-- Short text fragments from websites --
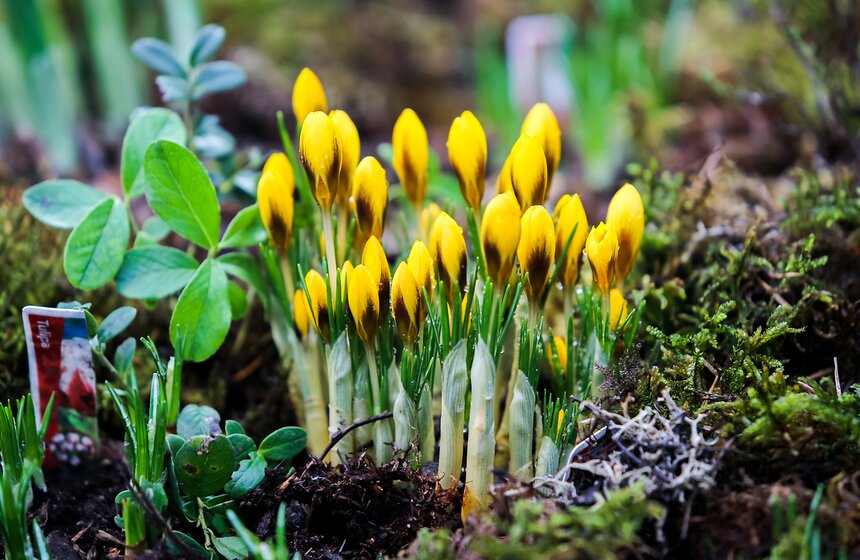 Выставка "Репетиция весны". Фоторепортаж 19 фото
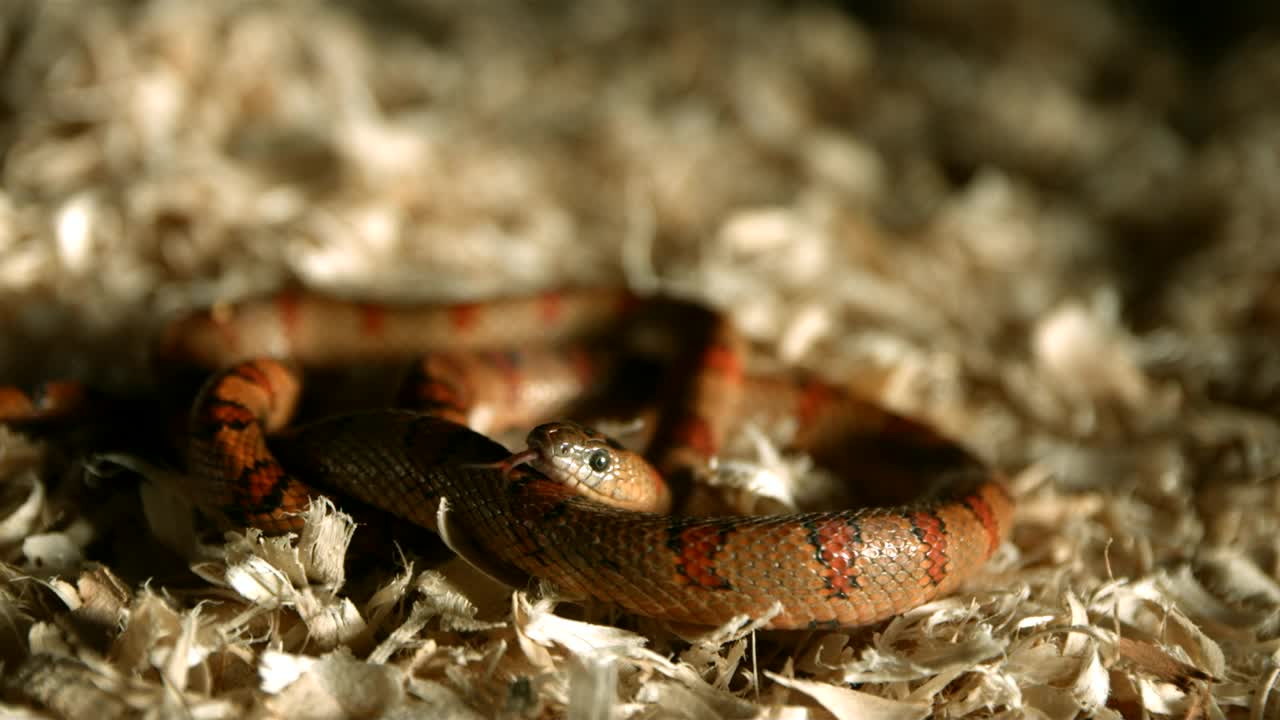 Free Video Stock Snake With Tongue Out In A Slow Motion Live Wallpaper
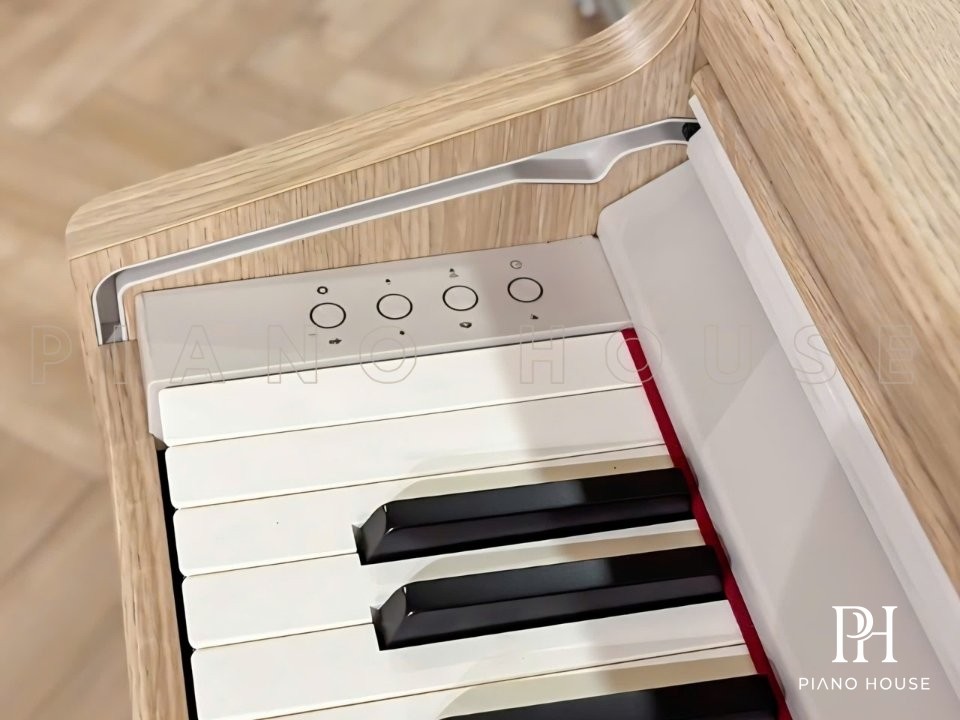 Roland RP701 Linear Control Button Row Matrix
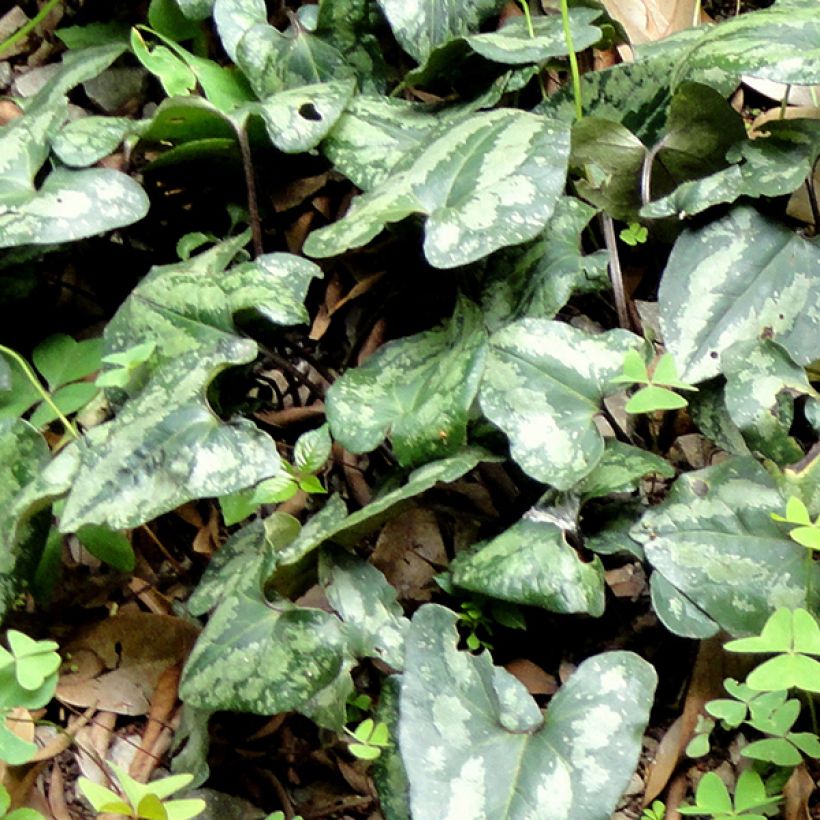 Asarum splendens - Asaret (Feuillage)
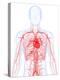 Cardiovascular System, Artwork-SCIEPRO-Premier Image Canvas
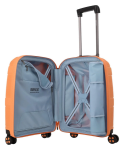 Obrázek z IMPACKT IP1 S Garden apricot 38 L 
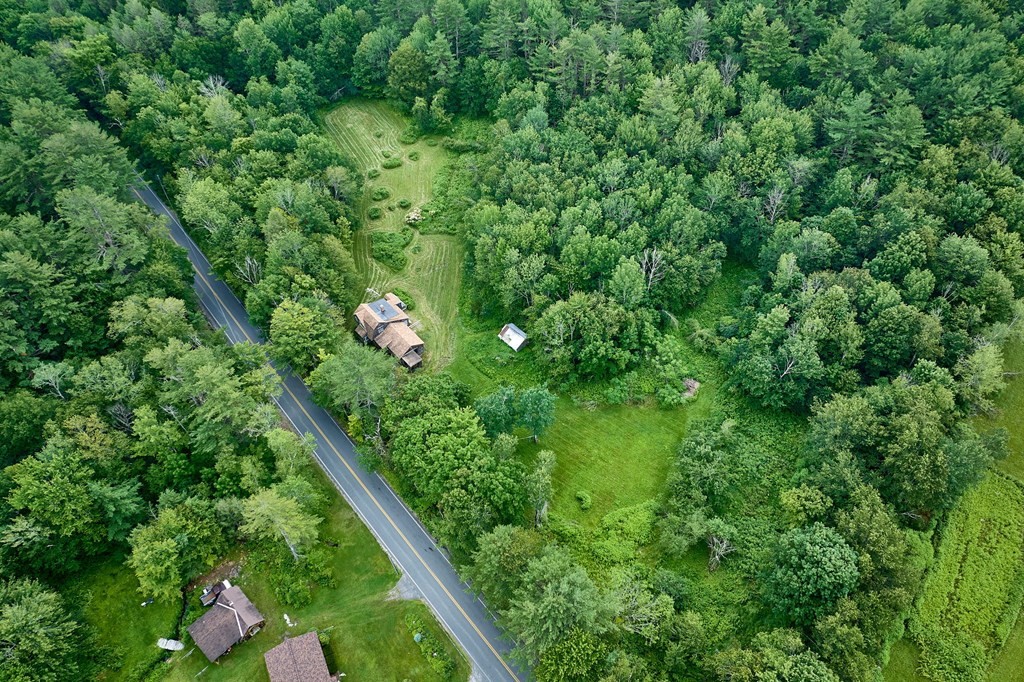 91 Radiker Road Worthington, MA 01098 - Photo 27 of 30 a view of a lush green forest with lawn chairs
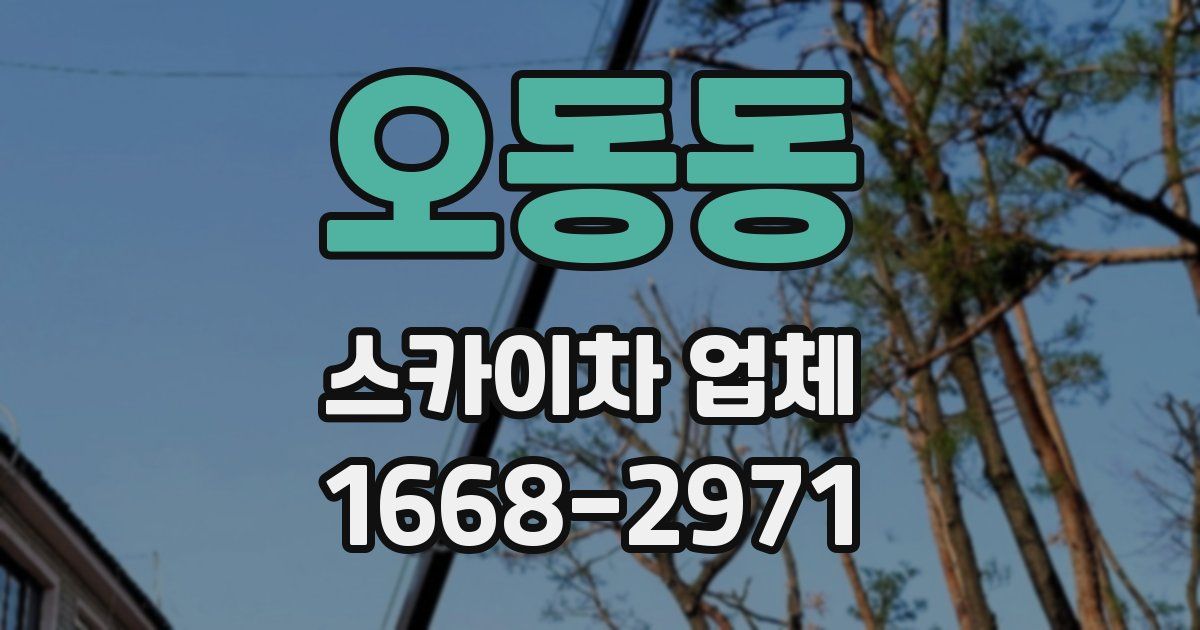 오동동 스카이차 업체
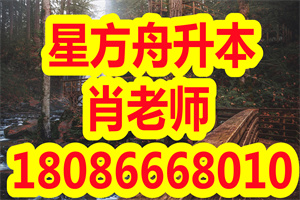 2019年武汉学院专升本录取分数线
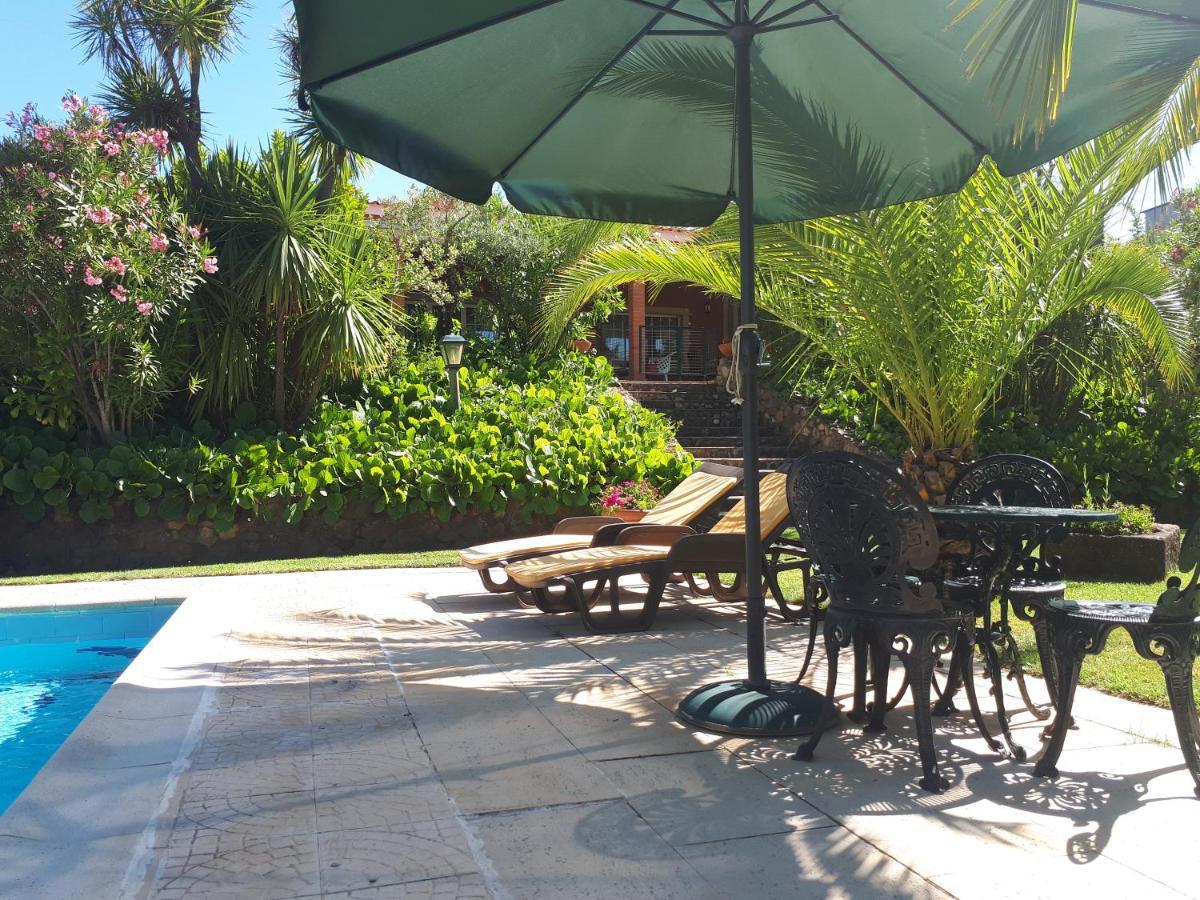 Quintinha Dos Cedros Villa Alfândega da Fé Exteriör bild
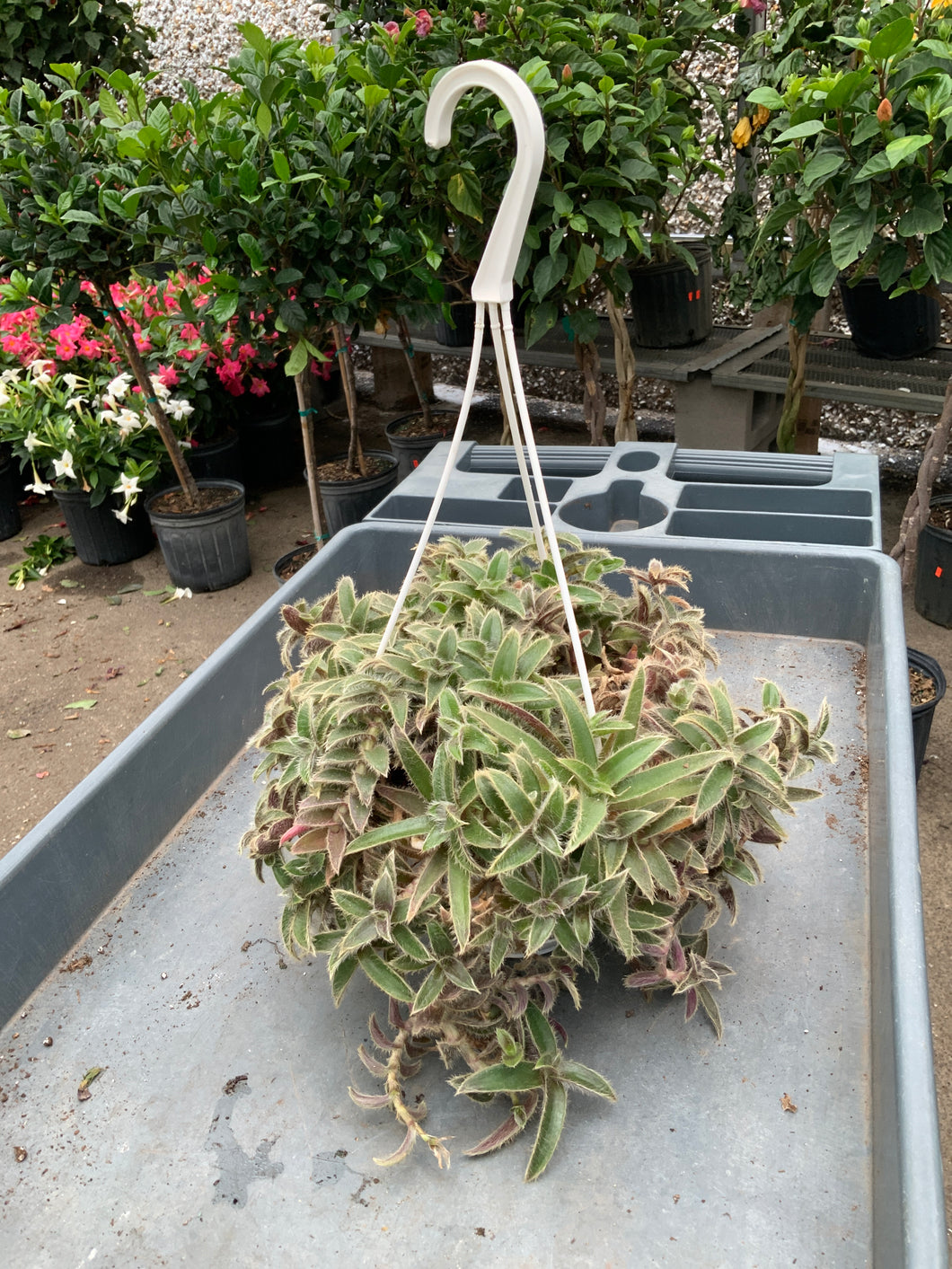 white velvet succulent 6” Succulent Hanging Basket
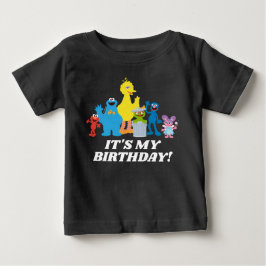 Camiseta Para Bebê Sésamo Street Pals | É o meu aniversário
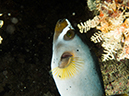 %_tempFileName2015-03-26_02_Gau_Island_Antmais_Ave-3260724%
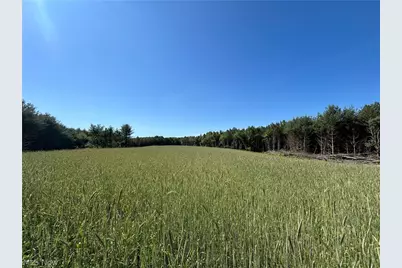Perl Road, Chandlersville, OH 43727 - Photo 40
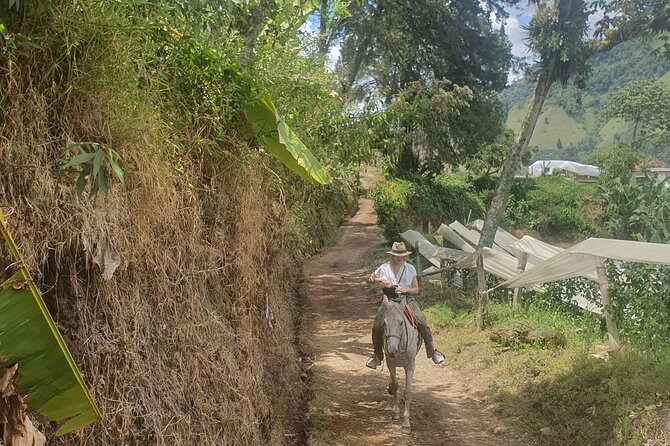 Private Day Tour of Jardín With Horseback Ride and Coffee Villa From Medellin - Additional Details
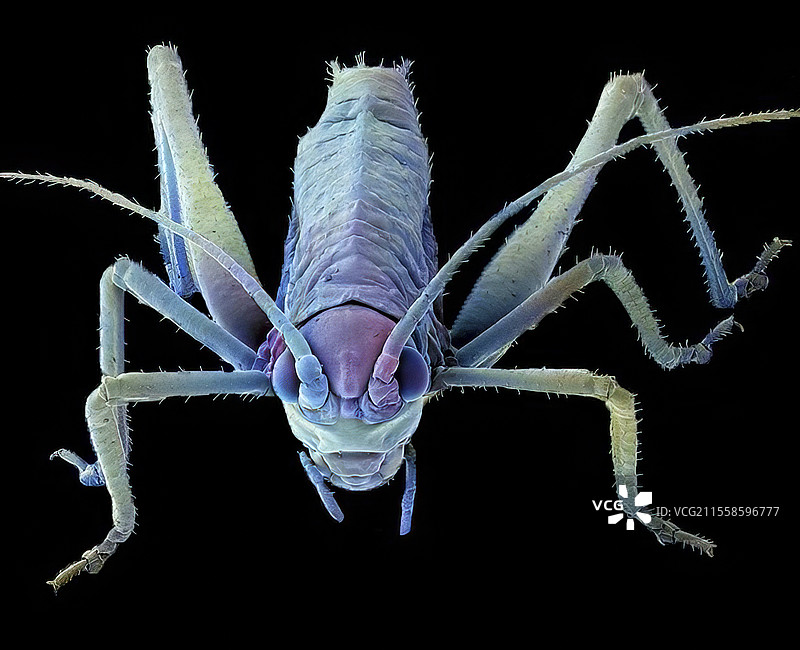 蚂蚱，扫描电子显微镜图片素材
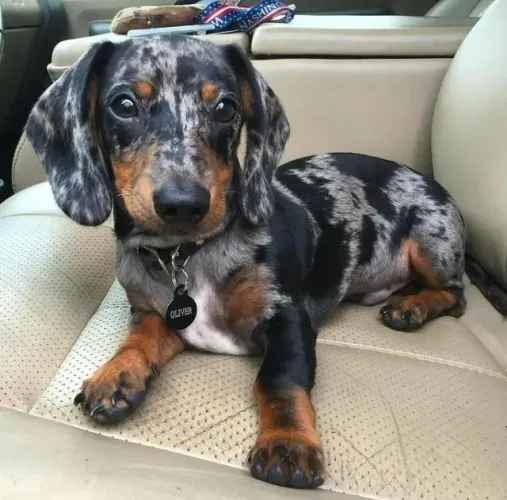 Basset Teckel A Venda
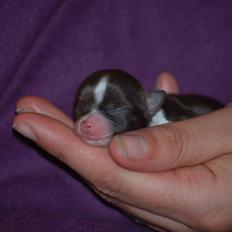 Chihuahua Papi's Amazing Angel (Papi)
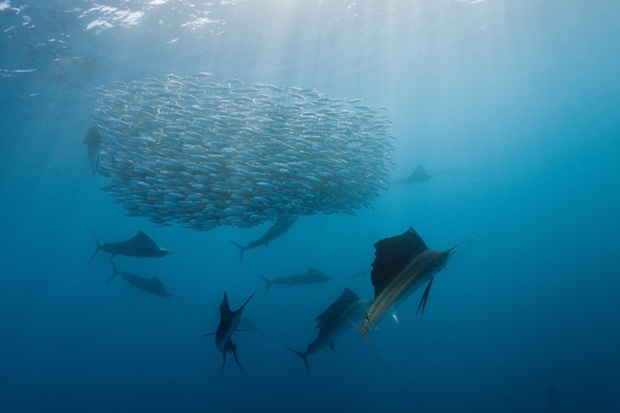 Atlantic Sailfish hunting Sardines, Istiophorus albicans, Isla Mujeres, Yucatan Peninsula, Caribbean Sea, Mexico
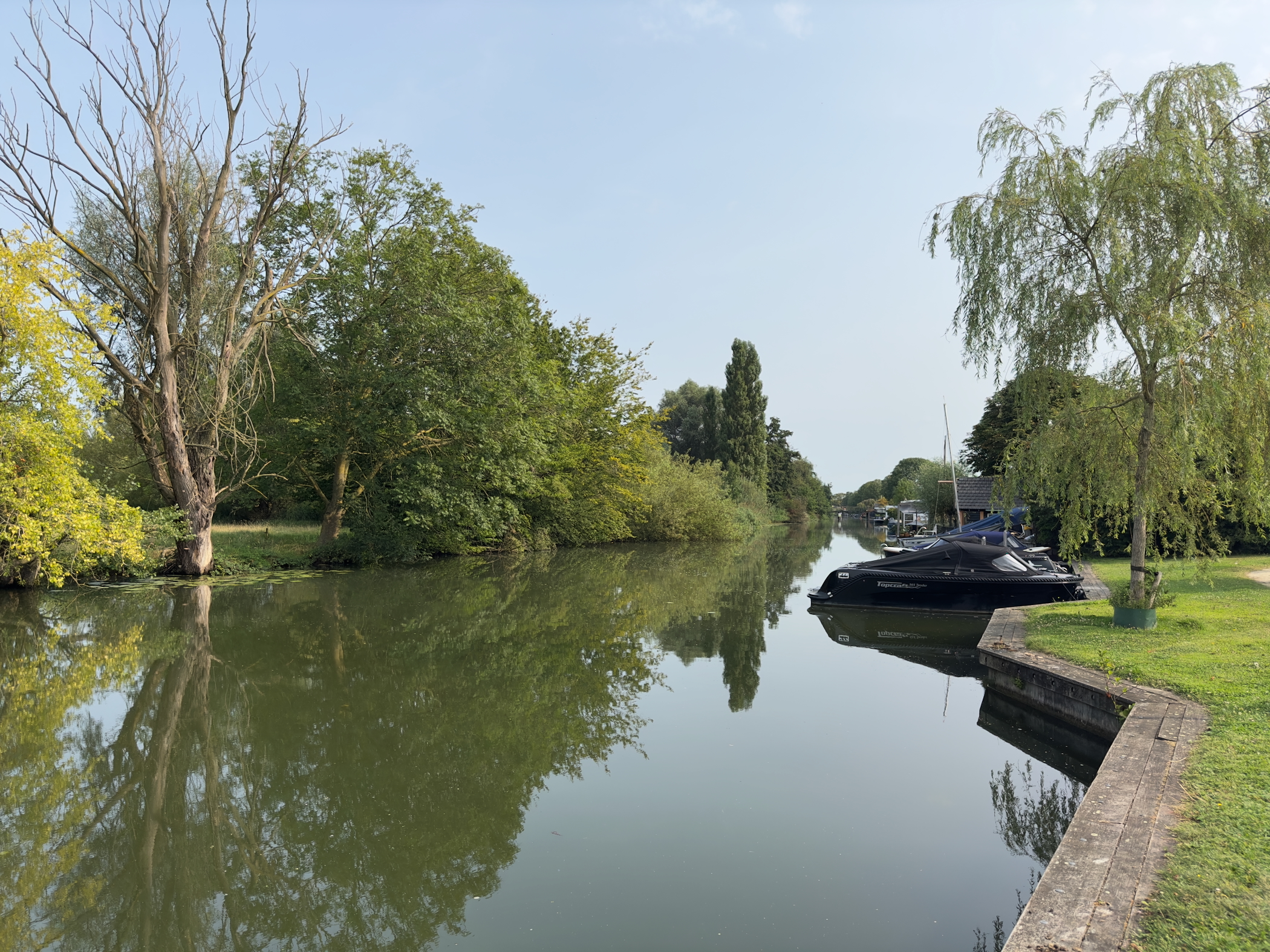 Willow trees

-- Problem description --
What is needed is an exact copy of the lines from the line with "Camiseta Para Bebê" to the end of the data above, both included, without any pictures.

-- Response below --
 Camiseta Para Bebê Sésamo Street Pals | É o meu aniversário
 %_tempFileName2015-03-26_02_Gau_Island_Antmais_Ave-3260724%
Perl Road, Chandlersville, OH 43727 - Photo 40
 Private Day Tour of Jardín With Horseback Ride and Coffee Villa From Medellin - Additional Details
 蚂蚱，扫描电子显微镜图片素材
 Basset Teckel A Venda
 Chihuahua Papi's Amazing Angel (Papi)
 Atlantic Sailfish hunting Sardines, Istiophorus albicans, Isla Mujeres, Yucatan Peninsula, Caribbean Sea, Mexico
 Willow trees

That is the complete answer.